Extracted records:
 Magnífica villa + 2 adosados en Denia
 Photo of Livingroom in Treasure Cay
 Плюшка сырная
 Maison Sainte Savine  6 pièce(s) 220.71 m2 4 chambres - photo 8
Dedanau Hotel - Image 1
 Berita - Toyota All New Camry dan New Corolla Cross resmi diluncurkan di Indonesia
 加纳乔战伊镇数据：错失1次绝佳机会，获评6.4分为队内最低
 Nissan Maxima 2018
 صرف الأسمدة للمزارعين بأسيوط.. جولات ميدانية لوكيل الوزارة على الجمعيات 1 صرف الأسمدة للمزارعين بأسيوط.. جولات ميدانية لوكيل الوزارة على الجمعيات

■ ACTION ITEM
Lines from the one containing "Photo of Livingroom in Treasure Cay" through the last line of the records, restated word for word: that is the whole response.

■ WRITTEN RESPONSE
 Photo of Livingroom in Treasure Cay
 Плюшка сырная
 Maison Sainte Savine  6 pièce(s) 220.71 m2 4 chambres - photo 8
Dedanau Hotel - Image 1
 Berita - Toyota All New Camry dan New Corolla Cross resmi diluncurkan di Indonesia
 加纳乔战伊镇数据：错失1次绝佳机会，获评6.4分为队内最低
 Nissan Maxima 2018
 صرف الأسمدة للمزارعين بأسيوط.. جولات ميدانية لوكيل الوزارة على الجمعيات 1 صرف الأسمدة للمزارعين بأسيوط.. جولات ميدانية لوكيل الوزارة على الجمعيات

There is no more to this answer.